Directions for this task: All the lines below should be set down exactly, with no picture carried into the copy.

Exercise data:
-------------------------

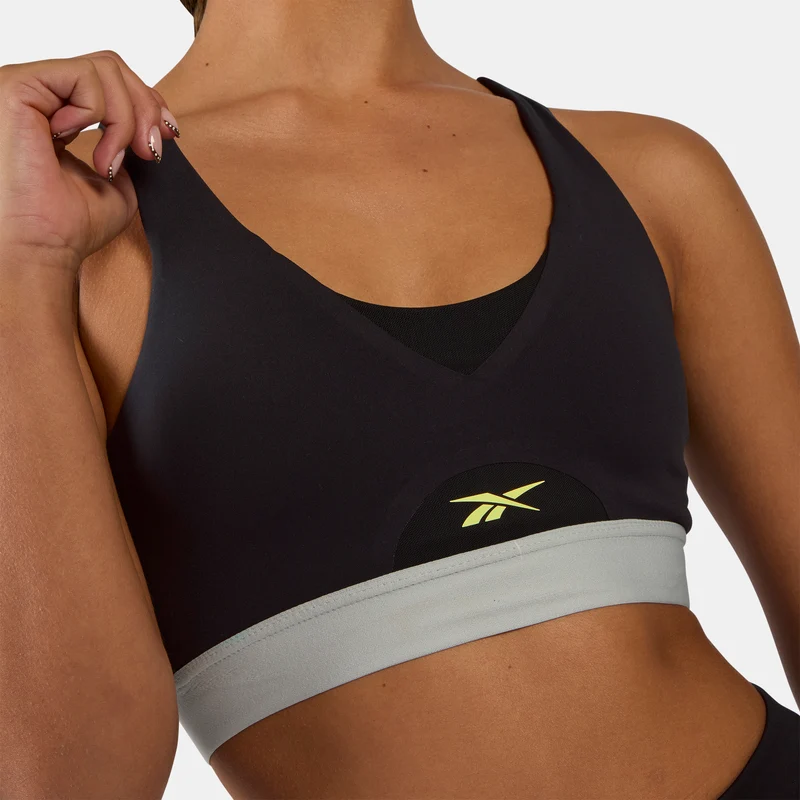 RBK Lab Medium Impact Sports Bra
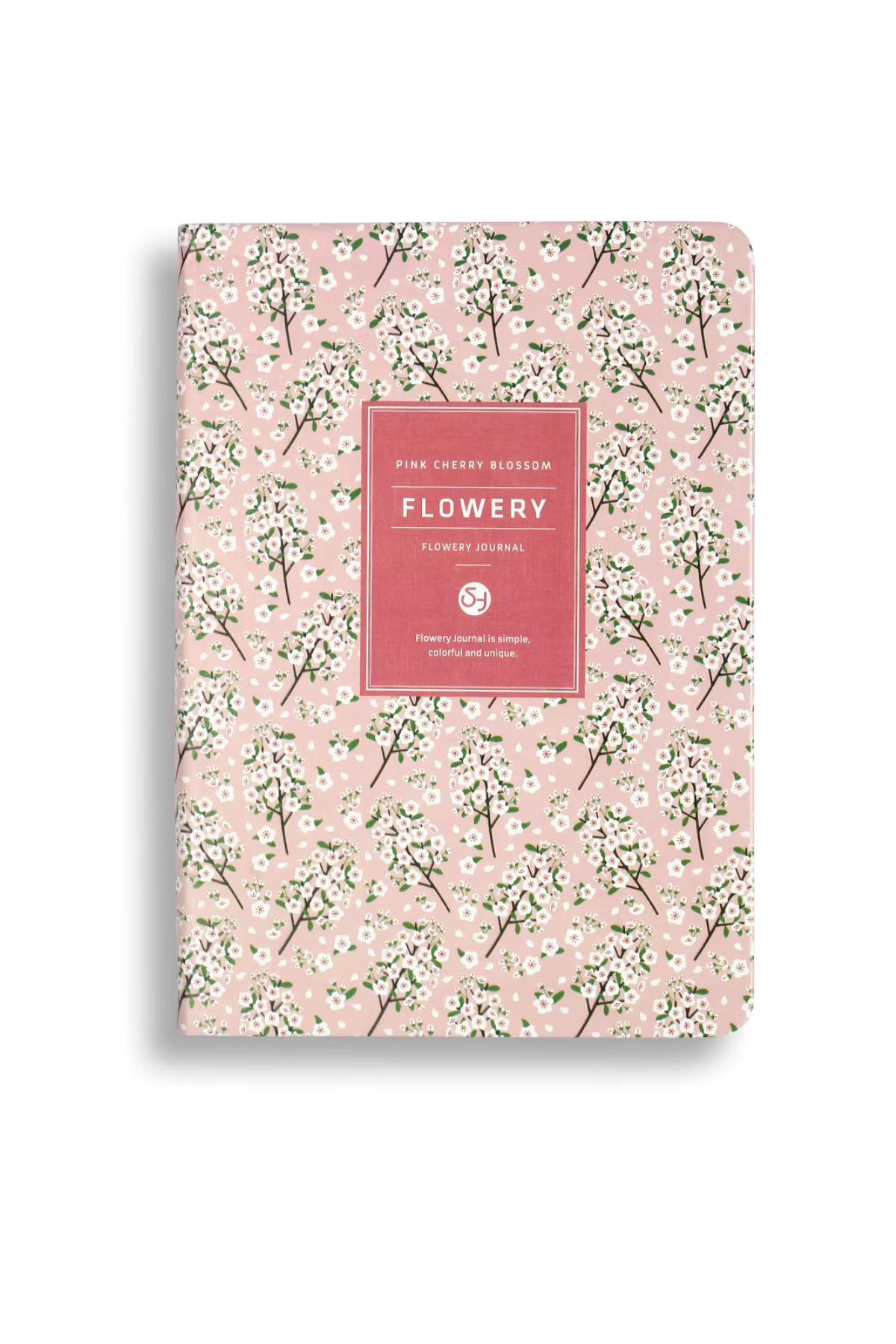 Haftalık Planlayıcı Journal Not Defteri, 13*19cm 192 Sayfa-80gr Sert Kapak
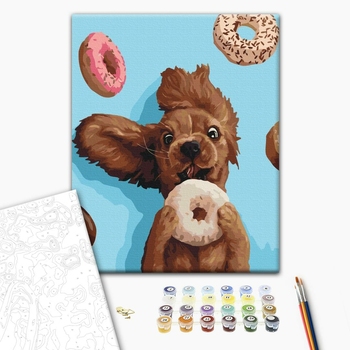 Картина по номерам Тварини, птахи та риби - Щасливе місце ©Lucia Heffernan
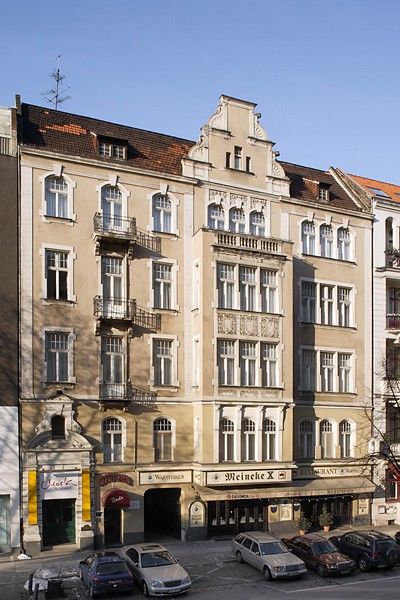 Grand City Hotel Berlin Zentrum Eksteriør billede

-------------------------

Task output:
 RBK Lab Medium Impact Sports Bra
 Haftalık Planlayıcı Journal Not Defteri, 13*19cm 192 Sayfa-80gr Sert Kapak
 Картина по номерам Тварини, птахи та риби - Щасливе місце ©Lucia Heffernan
 Grand City Hotel Berlin Zentrum Eksteriør billede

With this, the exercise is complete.